HIQA carried out an announced inspection of Beaumont Hospital and the hospital was found to be compliant or substantially compliant in seven standards and partially compliant in four of the 11 national standards monitored.

The hospital had formalised governance arrangements for assuring the delivery of high-quality, safe and reliable healthcare. However, these arrangements were not fully effective at the time of inspection to manage the mismatch between service demand and hospital capacity. This resulted in an overcrowded ED, non-compliance with HSE targets patient experience times (a metric used by health services to quantify the length of time patients wait in ED before they are either discharged or admitted to hospital) and accommodating admitted patients in the ED. While risk management processes were in place for mitigation, risks still existed in the design and delivery of services. For example, pharmacy staffing shortages impacted the provision of clinical pharmacy services to all clinical wards. 

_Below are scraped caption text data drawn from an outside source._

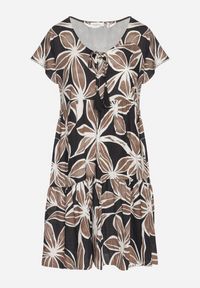 Born2be - Czarna Sukienka z Lnem o Rozkloszowanym Kroju z Wiązaniem z Frędzlami Fevione. Okazja: na co dzień. Typ kołnierza: dekolt w kształcie V. Kolor: czarny. Wzór: kwiaty. Typ sukienki: oversize. Materiał: len. Długość rękawa: krótki rękaw. Sezon: lato. Styl: wizytowy, boho, casual #5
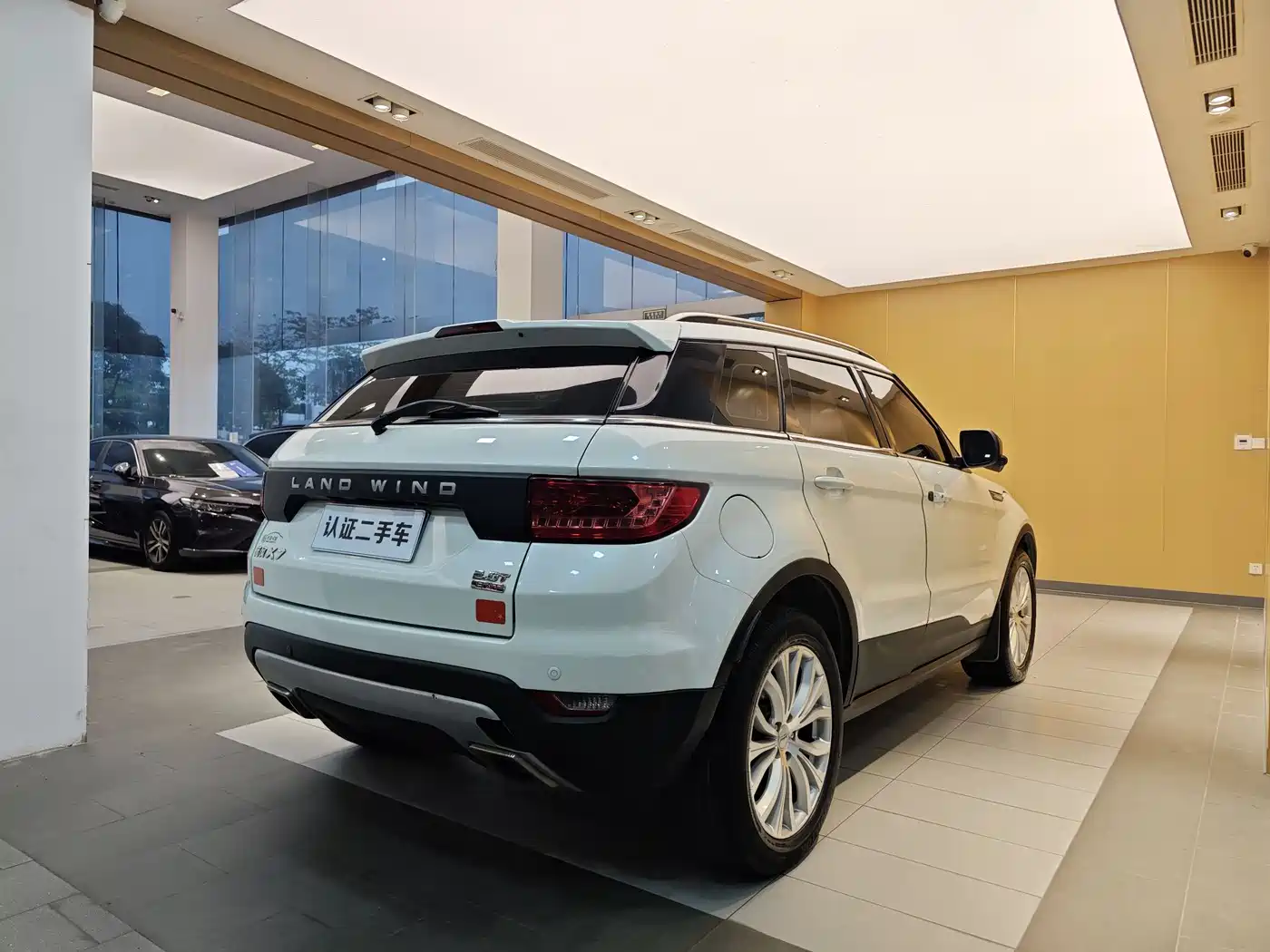 Landwind X7 2017 2015 2.0T Panoramic Flagship Edition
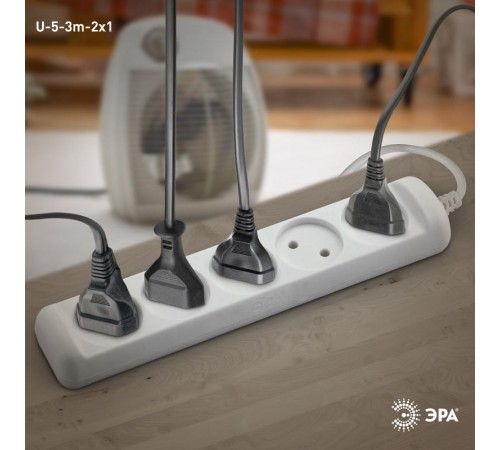 Удлинитель 5 гнезда 3м б/з U-5-3m ПВС  Б0028364  ЭРА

The hospital had systematic monitoring arrangements for identifying and acting on opportunities to continually improve the quality, safety and reliability of healthcare services. Inspectors observed that staff communicated with patients in a manner that respected their dignity and privacy. However, the ED’s challenging environment did not adequately support all patients’ dignity and privacy. The hospital responded promptly, openly and effectively to complaints, and systems were in place to systematically monitor and evaluate the services. The hospital effectively identified, managed, responded to and reported on patient-safety incidents.  

The physical environment of the clinical areas visited on the day of inspection were generally clean, but there was evidence of general wear and tear with some areas in need of refurbishment. Overall, while management at Beaumont Hospital had formalised corporate and clinical governance arrangements in place for assuring the delivery of healthcare, improvements are required to ensure that arrangements are effective to manage the mismatch between service demand and hospital capacity which was seen on the day of inspection. 

Notes to Editors:

  • As of 26 September 2024, under Section 8 of the Health Act 2007 (as amended), HIQA is responsible for monitoring compliance with national standards in publicly-funded healthcare services and private hospitals. Using these powers, HIQA may make recommendations for improvement of care, but under current legislation HIQA cannot enforce their implementation.
  • A delayed transfer of care (DTOC) (formerly known as a delayed discharge) is a patient who has been deemed clinically fit for discharge from an acute bed but whose discharge is delayed because they are waiting for some form of ongoing support or care following their discharge.